Rainbows. Not one, or two, nor even several of them—it would have been more accurate to call it a wall of rainbows, as if the world had coyly lifted aside the curtain of paradise itself. The shimmering folds of the improbable fabric waved and flapped amid the powerful headwinds, hundreds of kilometers tall and wide and swelling like the bulge of a soap bubble, vivid purple and blue at its edges while the center faded to transparency.

A host of tiny black spots were clambering up and down the rainbow curtain like sailors on a ship’s rigging, weaving the pattern with their many arms even as they rode the wild thermals.

Leapers. Thousands of them, all working in concert as they marshalled the power of the rainstorm. Rene sat in awestruck silence as the threads of the rainbow curtain caught the downpour and funneled it into scores of places at once, drowning the worst of the wildfire and producing great columns of smoke wherever it poured.

Through it all the drums beat their incessant rhythm, a song that changed with the twisting motions of the curtain. Rene hypothesized that they were a communication system by which the Leapers coordinated their gargantuan efforts.

He wondered numbly if the Leapers had summoned the storm themselves by condensing it with their webs, or if they had simply taken advantage of the existing weather patterns. The question was purely academic; either way, their mastery of the elements was frightening and undeniable. Zildiz on the other hand was trying her best to see the high edge of the storm catcher, but her basic ocular organs had limited magnification. She didn’t have to see that far to know that a squadron of Gallivants were holding up the entire superstructure, working in concert with their most sworn enemies to serve the will of the All-In-One. That could only mean one thing: the Vitalus had called for a general truce. History was unfolding before her very eyes, but from here she was powerless to influence it.

The heavy rains would last several days, the smog even longer. Both of these factors would play hell with the reception of her magnetosynaptic organ. The god would also be preoccupied with measuring and repairing the damage, as well as dealing with the Divine Engine. Zildiz had no doubt in her mind that It would solve these problems and restore the precious equilibrium. But the more cogent question was if It would ever arrive in time to save her from the spawn of the Betrayers.

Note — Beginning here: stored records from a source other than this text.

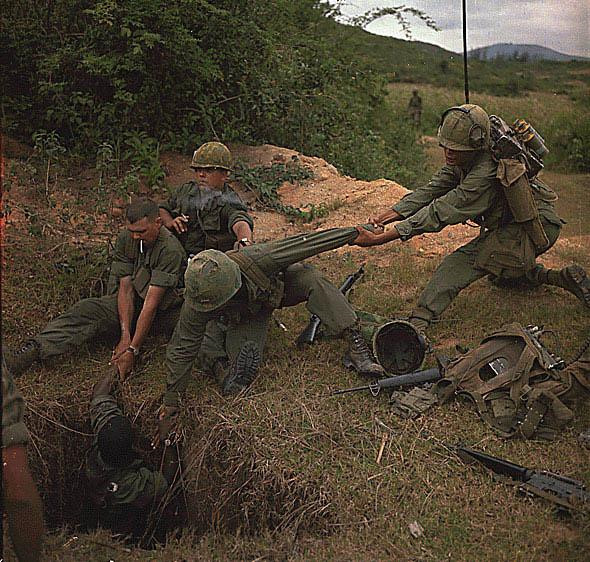 Một nhóm binh lính Mỹ cố gắng đưa một đồng đội xuống hầm trong một chiến dịch bí mật ngày 24/4/1967.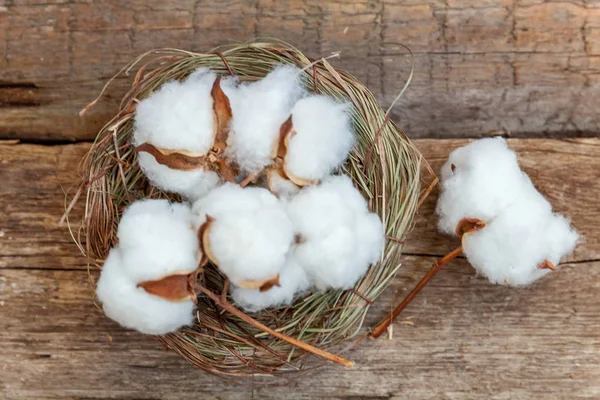 Hermosas Flores Algodón Blanco Cesta Rústico Viejo Fondo Plano Madera — Foto de Stock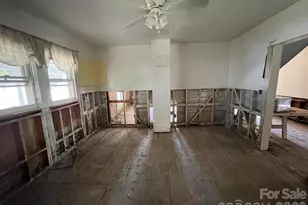 66 W Crawford St, Old Fort, NC 28762 - Photo 17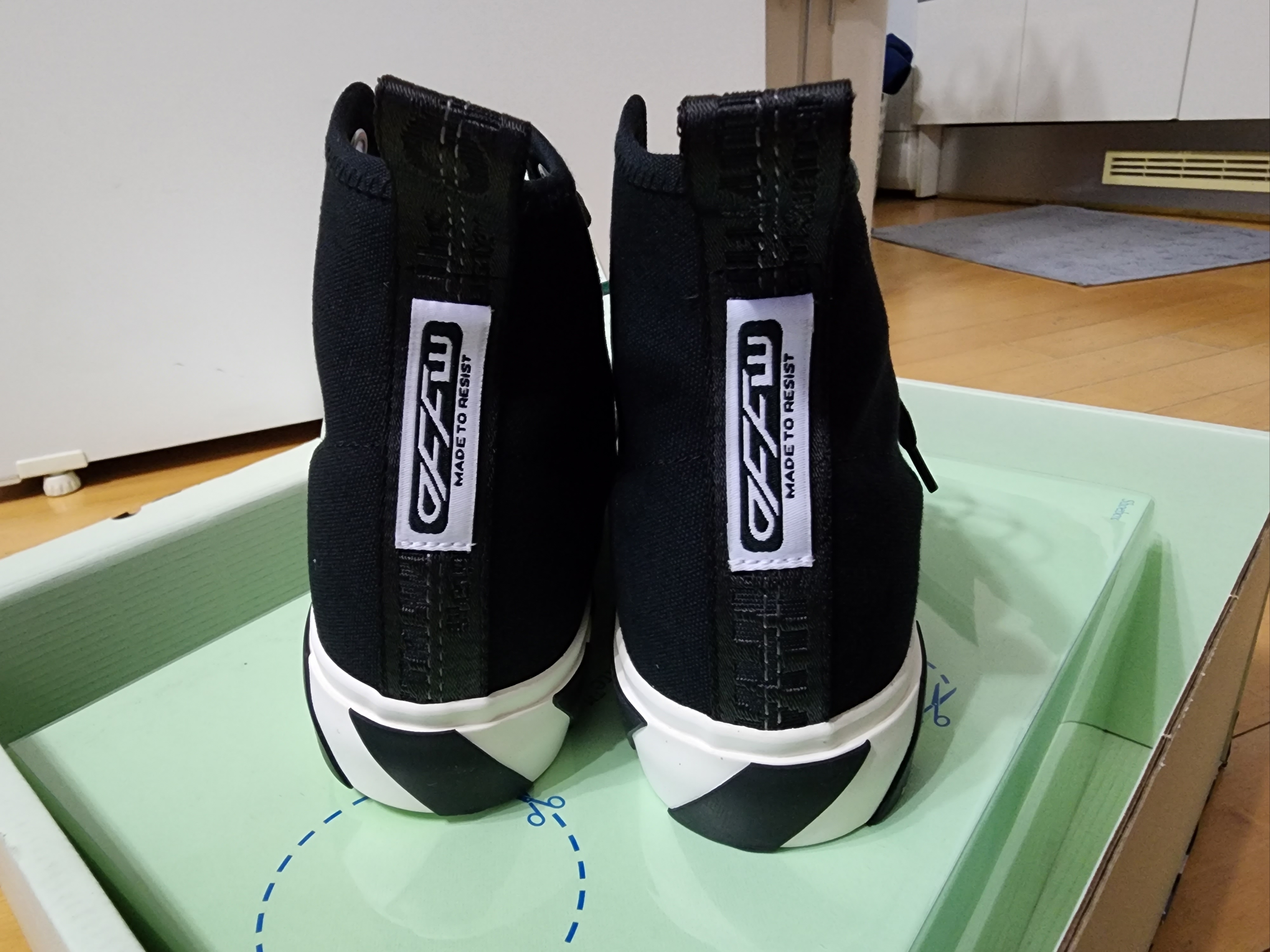 Off-White Arrow Mid Vulcanized Sneakers Black White - 22FW 착용 스타일 - 3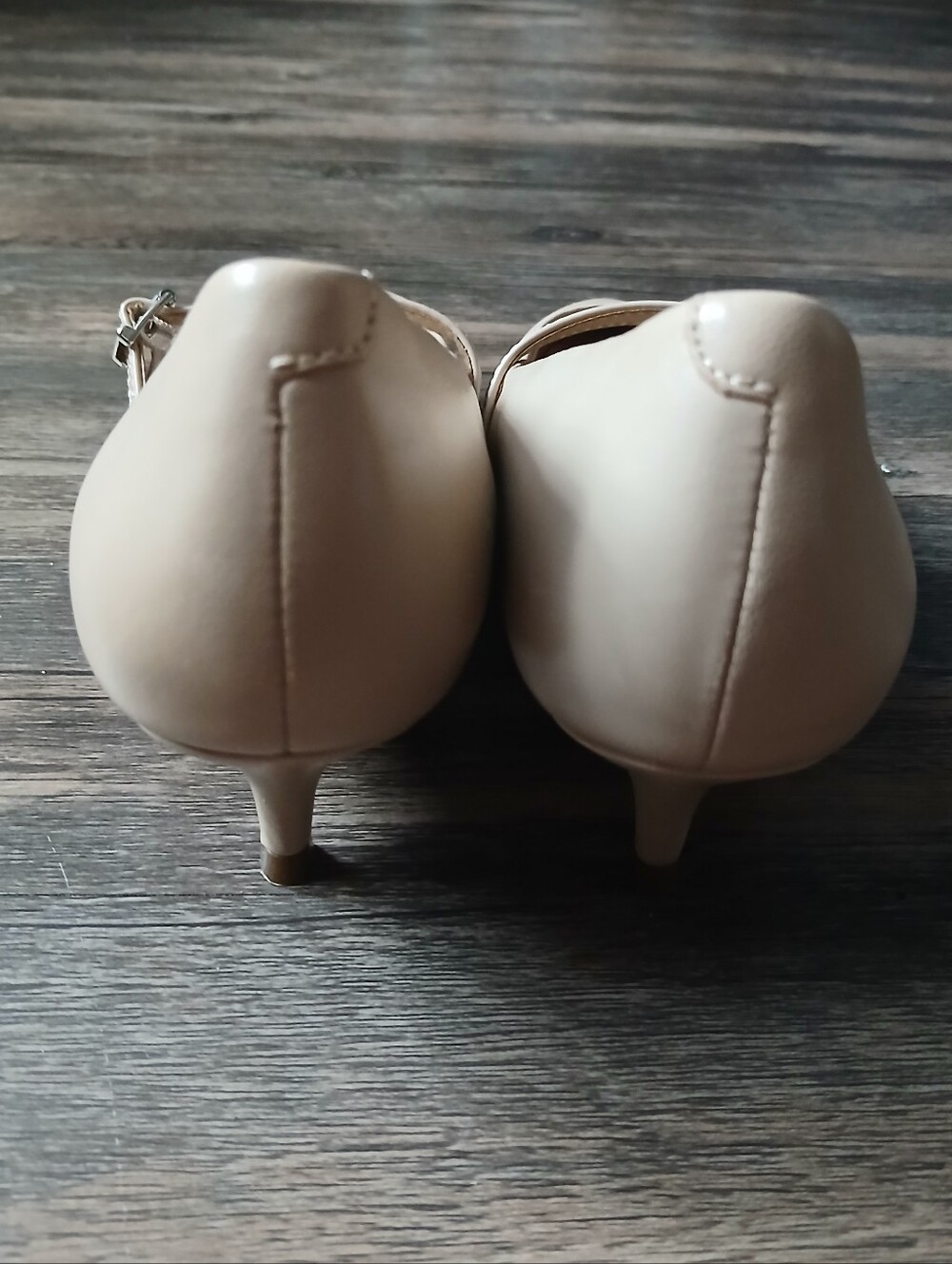 Vionic Cream Pointed Mary Jane Flats with Buckle Strap Size 7.5. - Picture 5 of 12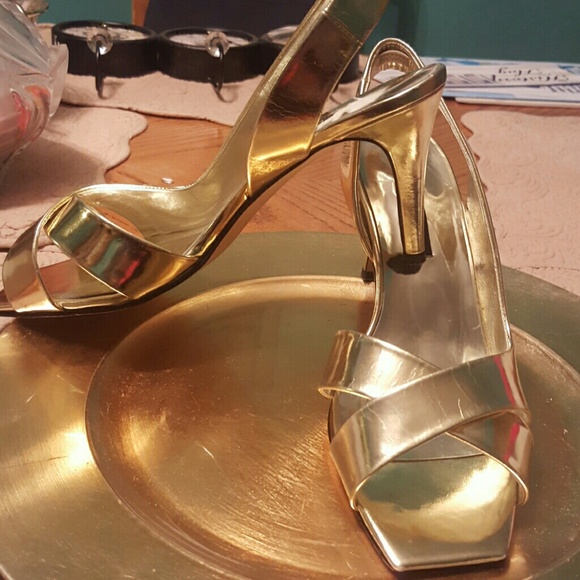 Gold heeled dress shoes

The spawn in question was in a state of shock from which it was already recovering.

“Alright,” Rene told her, “I’ll admit it. I’m impressed. No, scratch that. I’m utterly gobsmacked.”

“Do you see now the absolute futility of your struggle?” she asked Rene.

“I didn’t say I was beaten,” Rene said, getting back on his feet and pulling his boots back on.

“So you mean to continue on your foolish errand?”

“Unfortunately, yes. Consider me properly motivated.”

Zildiz could not help but chortle at that, a rich and warm belly laugh that surprised even her.

“You are much too stupid to die, Fleet-man,” she decided, “I will observe your progress with great interest.”